Directory Structure and Data Flow
Module Structure
fusion/modules/rl/
|-- __init__.py # Module docstring
|-- README.md # Module documentation
|-- TODO.md # Development roadmap
|-- errors.py # Custom exception hierarchy
|-- model_manager.py # Model creation and persistence
|-- workflow_runner.py # Training orchestration (main entry)
|
|-- adapter/ # Simulation integration layer
| |-- rl_adapter.py # RLSimulationAdapter
| `-- path_option.py # PathOption dataclass
|
|-- agents/ # Agent implementations
| |-- base_agent.py # BaseAgent class
| |-- path_agent.py # Path selection agent (IMPLEMENTED)
| |-- core_agent.py # Core assignment (PLACEHOLDER)
| `-- spectrum_agent.py # Spectrum allocation (PLACEHOLDER)
|
|-- algorithms/ # Algorithm implementations
| |-- q_learning.py # In-house Q-learning
| |-- bandits.py # In-house bandit algorithms
| |-- ppo.py # SB3 PPO wrapper
| |-- a2c.py # SB3 A2C wrapper
| |-- dqn.py # SB3 DQN wrapper
| `-- qr_dqn.py # SB3 QR-DQN wrapper
|
|-- environments/ # Unified environment (recommended)
| |-- unified_env.py # UnifiedSimEnv
| `-- wrappers.py # ActionMaskWrapper
|
|-- gymnasium_envs/ # Legacy environment (deprecated)
| `-- general_sim_env.py # GeneralSimEnv (SimEnv)
|
|-- feat_extrs/ # GNN feature extractors (BETA)
| |-- path_gnn.py # Standard GNN (GAT, SAGE, GraphConv)
| |-- path_gnn_cached.py # Cached GNN for static graphs
| `-- graphormer.py # Transformer-based GNN (experimental)
|
|-- policies/ # Path selection policies (BETA)

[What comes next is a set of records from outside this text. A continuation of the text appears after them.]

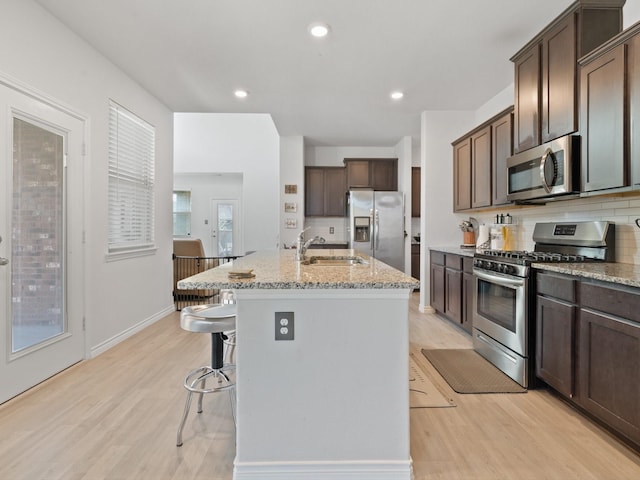 kitchen with stainless steel appliances, sink, a center island with sink, and light hardwood / wood-style flooring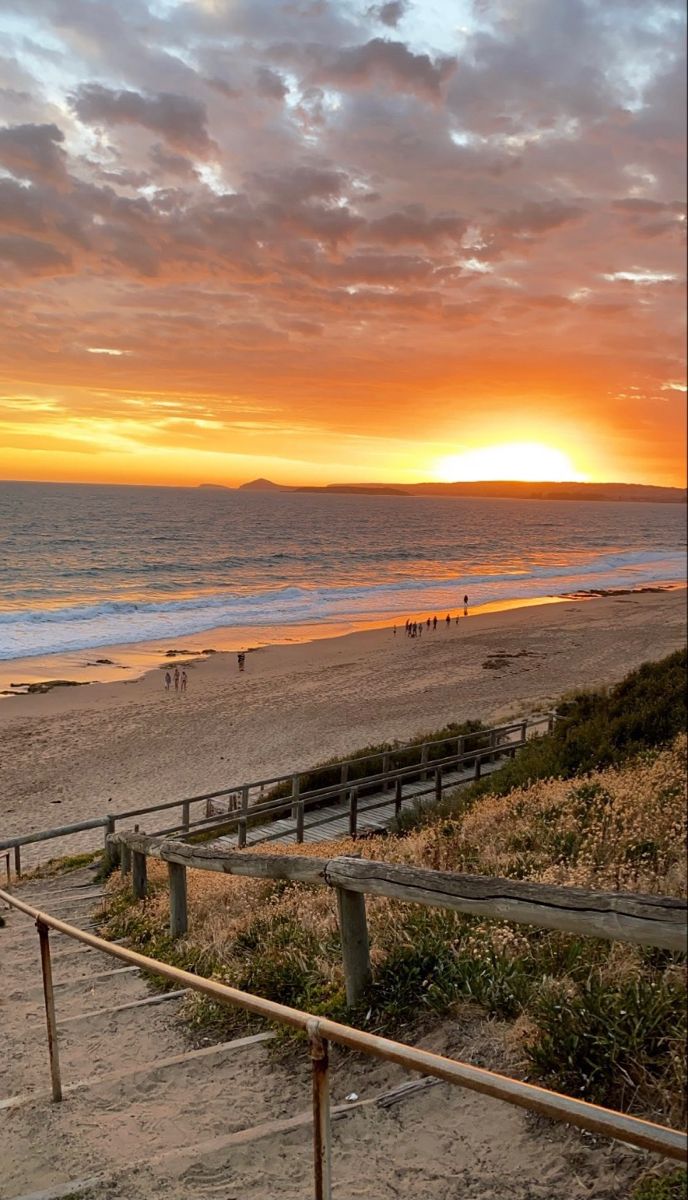 the sun is setting over the beach and people are walking on the path to the water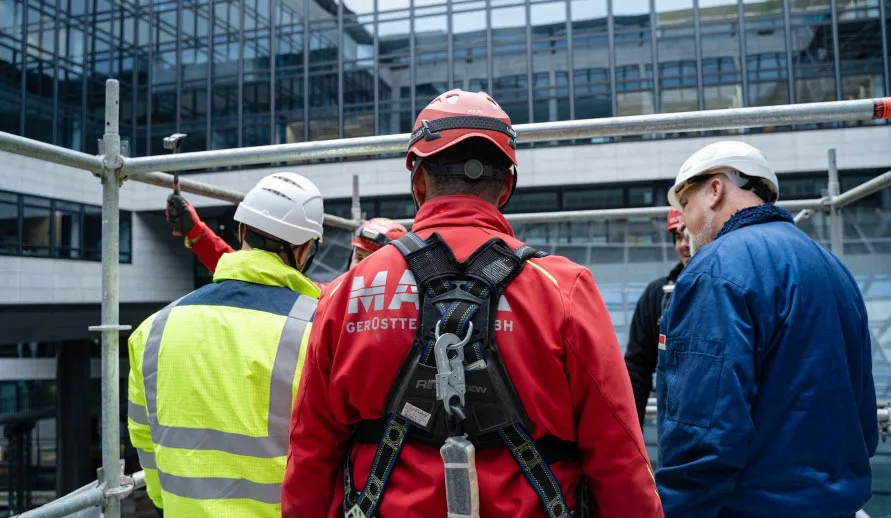 Fünf Personen stehen auf einem Gerüst. Drei davon sind MACK-Kollegen, während drei Personen mit dem Rücken zur Kamera zu sehen sind.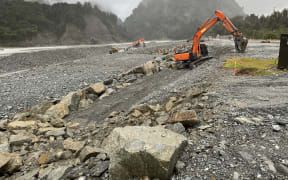 Work under way in June at the southern approach to the Waiho River Bridge at Franz Josef to add rock rip rap protection.
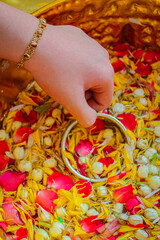 Pour water on the hands of revered elders and ask for blessing in Songkran Day.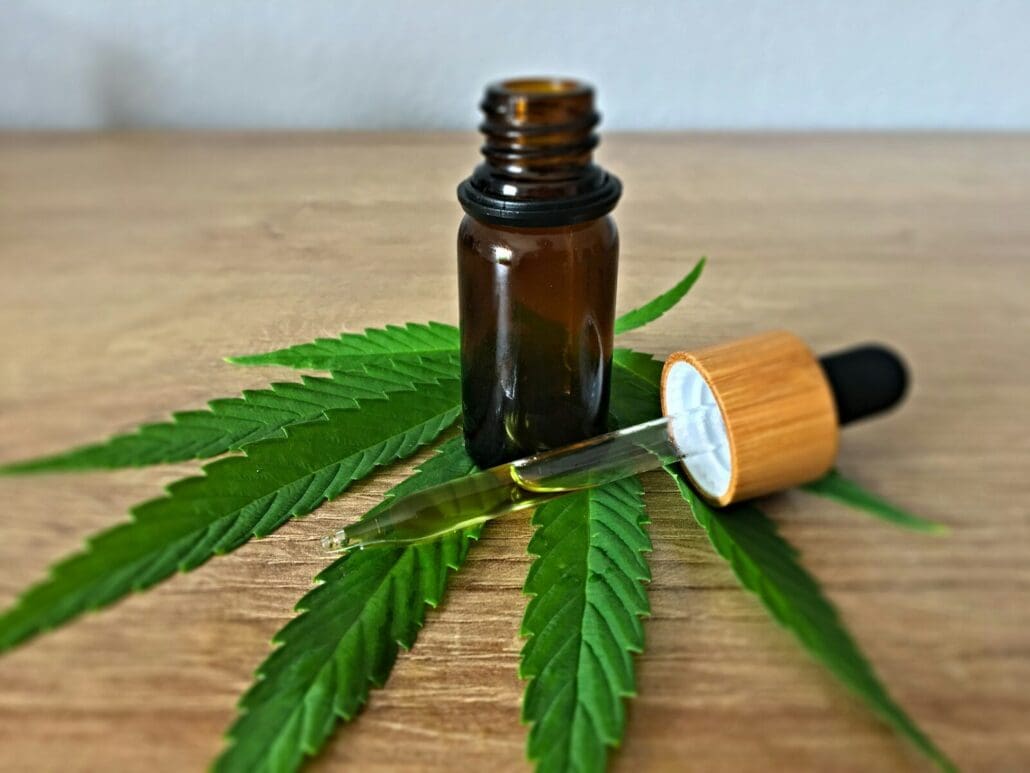 brown tinted glass bottle and dropper on a marijuana leaf with a CBD tincture inside
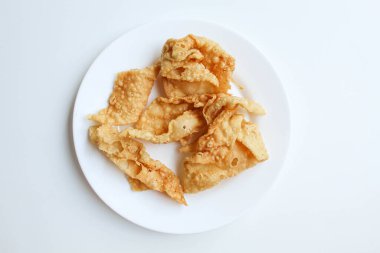 Kerupuk pangsit, ya da beyaz tabakta kızarmış cilt hamur, beyaz arka planda izole, düz ya da üst görünüm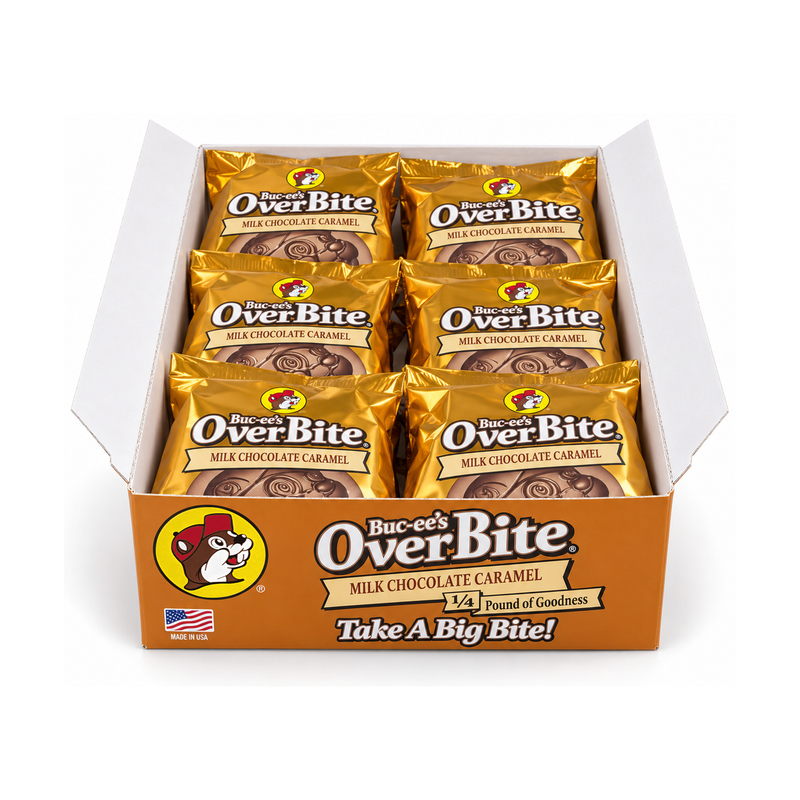 Open Buc-ee's OverBite Milk Chocolate Caramel 12-count box shown straight on against a white background, with the orange front panel and six individually wrapped cookies in shiny gold foil wrappers visible inside.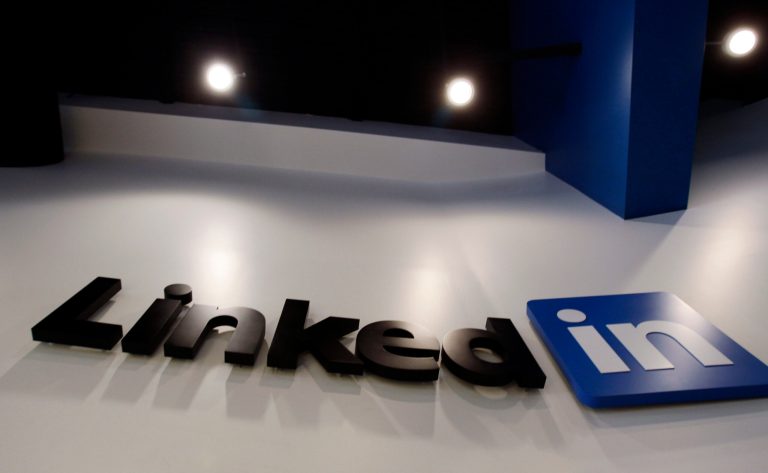 FILE - In this May 19, 2011 file photo,the LinkedIn logo is displayed in the foyer at headquarters in Mountain View, Calif. (AP Photo/Paul Sakuma, File)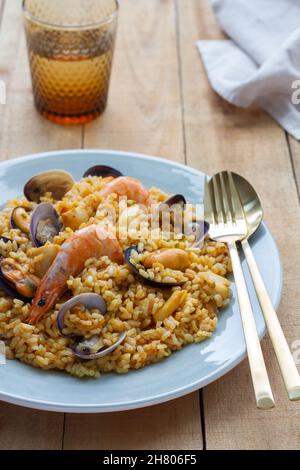 Teller mit leckerer frischer Paella mit Muscheln und Garnelen auf Holztisch mit Glas erfrischendem Getränk und Besteck serviert Stockfoto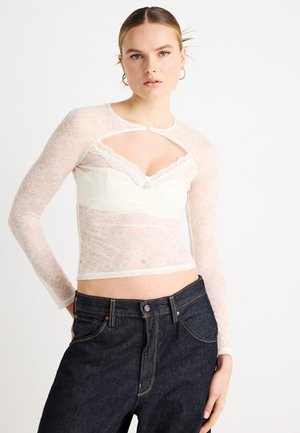 Hosszú ujjú felső - creme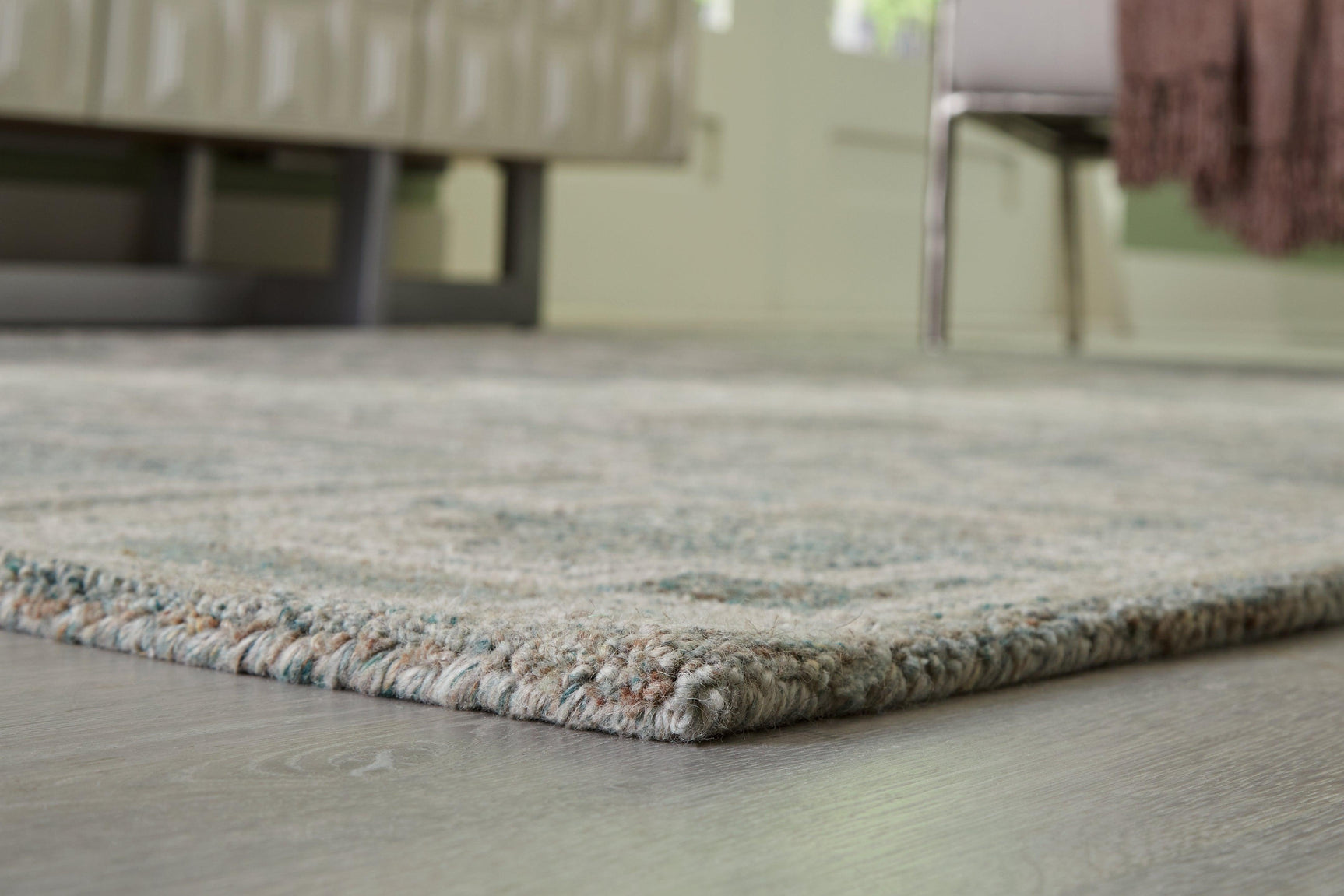 Jossland Green/Ivory Medium Rug - Ella Furniture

| |-- bc_policy.py # Behavioral Cloning
| |-- iql_policy.py # Implicit Q-Learning
| |-- ksp_ff_policy.py # K-Shortest Path First-Fit
| `-- one_plus_one_policy.py # 1+1 protection
|
|-- utils/ # Utility modules (19 files)
| |-- setup.py # Environment setup
| |-- hyperparams.py # Hyperparameter handling and Optuna config
| |-- callbacks.py # Training callbacks
| `-- ...
|
|-- visualization/ # RL-specific visualization
| `-- rl_plugin.py # Visualization plugin
|
`-- sb3/ # Stable-Baselines3 integration
`-- register_env.py # Environment registration
Output Directories
FUSION separates RL-specific outputs from standard simulation outputs:
+===========================================================================+
| OUTPUT DIRECTORY STRUCTURE |
+===========================================================================+
logs/ <-- RL-SPECIFIC OUTPUTS (SB3 format)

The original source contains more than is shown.